I have recently moved non-vm truenas to a new hardware and actually it was a breeze. I just created the backup, disconnected the drives, physically put them into the new server, install the truenas, restored the backup, and it was done. I understand that everyone has different preferences. I’m just saying that it’s easy to move truenas without it being the VM as well.
I shy away from VMs because I prefer having a pool of resources on a machine that can be used as needed instead of being pre-allocated. Pre-allocating CPU, RAM, and doing PCI passthough for GPUs wastes already limited resources and is extra effort. Yes, the best practice for production k8s is setting resource requests and limits, but it’s not something I want to bother with when I only have one server.

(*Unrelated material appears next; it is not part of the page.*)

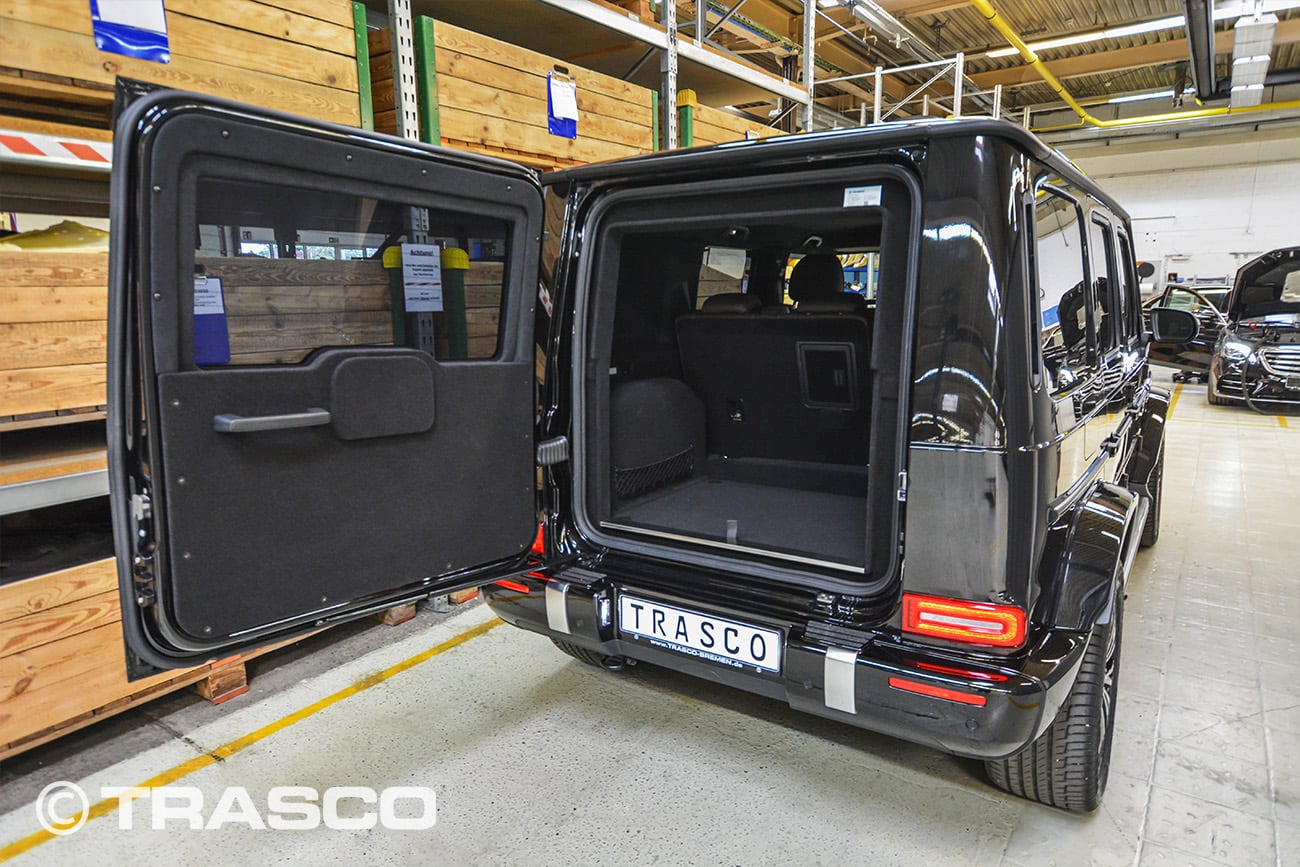SUV blindé sur base du Mercedes-Benz G 63 AMG, espace de chargement entièrement blindé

Just to address the resourcing point…
VM resources can be over allocated, meaning that the hypervisor will try it’s best to meet their requirements, so you’re not wasting anything and could run more VMs than you have resources for.

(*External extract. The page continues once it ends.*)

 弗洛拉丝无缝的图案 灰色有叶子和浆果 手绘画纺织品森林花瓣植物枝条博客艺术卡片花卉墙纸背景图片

Yes, VMs can also be configured to need a certain amount of resources and the hypervisor will have to stop, but I just wanted you to know it’s not fixed.
Do you need clusters that can failure ver from one machine to another? Is yes, proxmox is good. If no, there are less complex options.
Why rule out proxmox as “complex” just because there is no need for HA??
Because it moves further from a vanilla setup without solving a problem.
The one factor that no one seems to have mentioned yet that is key for many of us is LEARNING …
It’s a great way to learn virtualization and containerization
I use it exclusively to run Linux containers, it makes it very convenient to backup and restore as well as replicate environments.
We are now migrating our lab at work away from VMW
Best thing to do is give it a go and see what shakes out OP. I absolutely love both my Proxmox boxes. In my humble opinion, Proxmox was an easier set up, and the possibilities are endless really. It’s a solid freemium product. Couple it with the extensive Helper Scripts, and Jack’s a doughnut, Bob’s your uncle.
Agreed. Proxmox is not worth the complexity. Install truenas, you can put all the apps on that and you can have home assistant in VM. All you need is one machine. I actually have this setup. I only installed Proxmox on other machine to test it and to install OpenWRT and a bunch of networking software on that. If I feel confident, I will use this as my new router, but that’s long way to go. Oh, and by the way, Truenas in virtual machine is not recommended. I originally thought I will also install Truenas in Proxmox, but after reading plenty resources and things about pass-through I finally decided that I was stick to the recommendation and not use proxmox with truenas. I do not regret the decision.